Persistent low-level variants in a subset of viral genes are highly predictive of poor outcome in immunocompromised patients with cytomegalovirus infection

J Infect Dis. 2024 Jan 5:jiae001. doi: 10.1093/infdis/jiae001. Online ahead of print.

Abstract

Background: Human cytomegalovirus is the most common and serious opportunistic infection after solid organ and haematopoietic stem cell transplantation. In this study, we used whole-genome cytomegalovirus data to investigate viral factors associated with the clinical outcome.

Methods: We sequenced cytomegalovirus samples from 16 immunocompromised paediatric patients with persistent viraemia. 8/16 patients died of complications due to cytomegalovirus infection.
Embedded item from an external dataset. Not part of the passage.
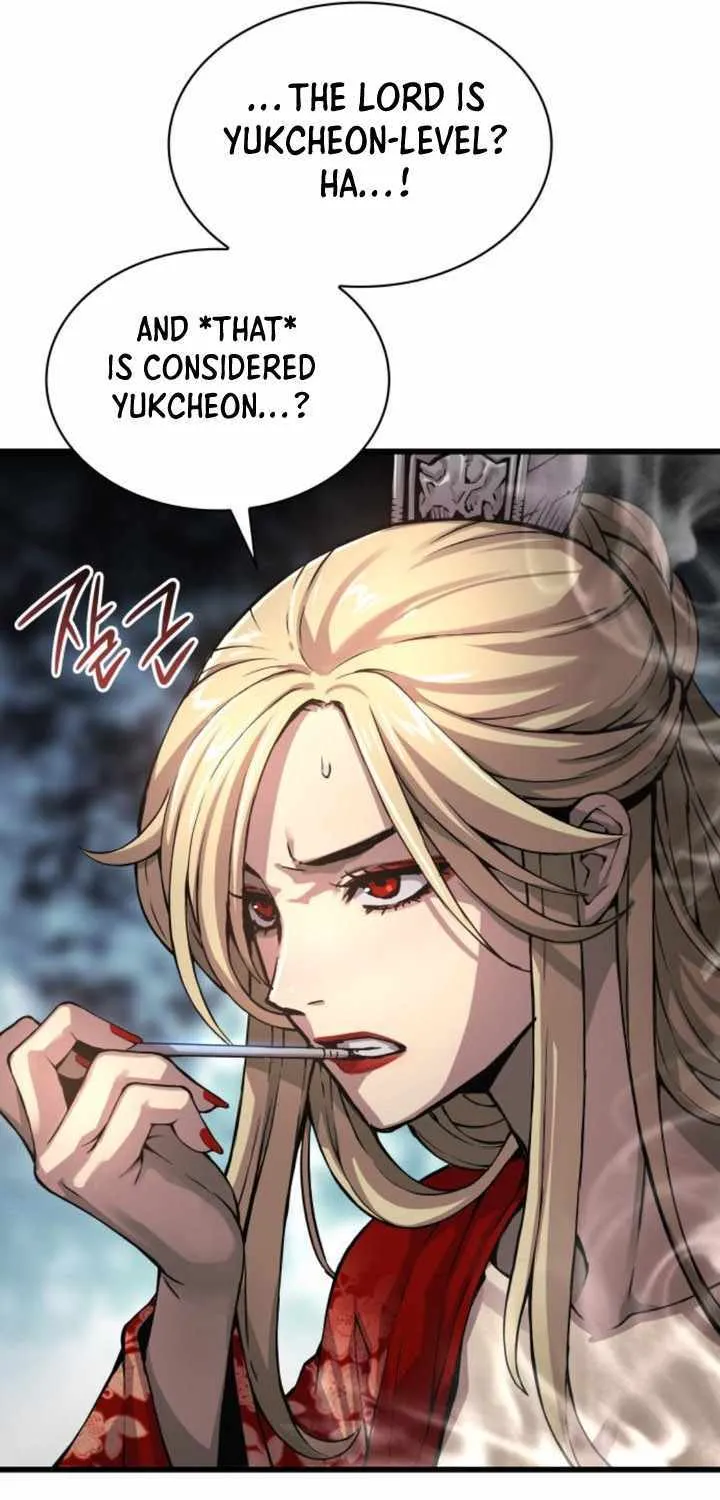 Read Myst, Might, Mayhem chapter 67 image 42 on Lezhin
We also sequenced samples from 35 infected solid organ adult recipients of whom one died with cytomegalovirus infection.

Results: We showed that samples from both groups have fixed variants at resistance sites and mixed infections. NGS sequencing also revealed non-fixed variants at resistance sites in most of the patients who died (6/9). A machine learning approach identified 10 genes with non-fixed variants in these patients. These genes formed a viral signature which discriminated patients with cytomegalovirus infection who died from those that survived with high accuracy (AUC=0.96). Lymphocyte numbers for a subset of patients showed no recovery post-transplant in the patients who died.

Conclusions: We hypothesise that the viral signature identified in this study may be a useful biomarker for poor response to antiviral drug treatment and indirectly for poor T cell function, potentially identifying early, those patients requiring non-pharmacological interventions.

Keywords: cytomegalovirus infection; genomics; transplant; viral signature.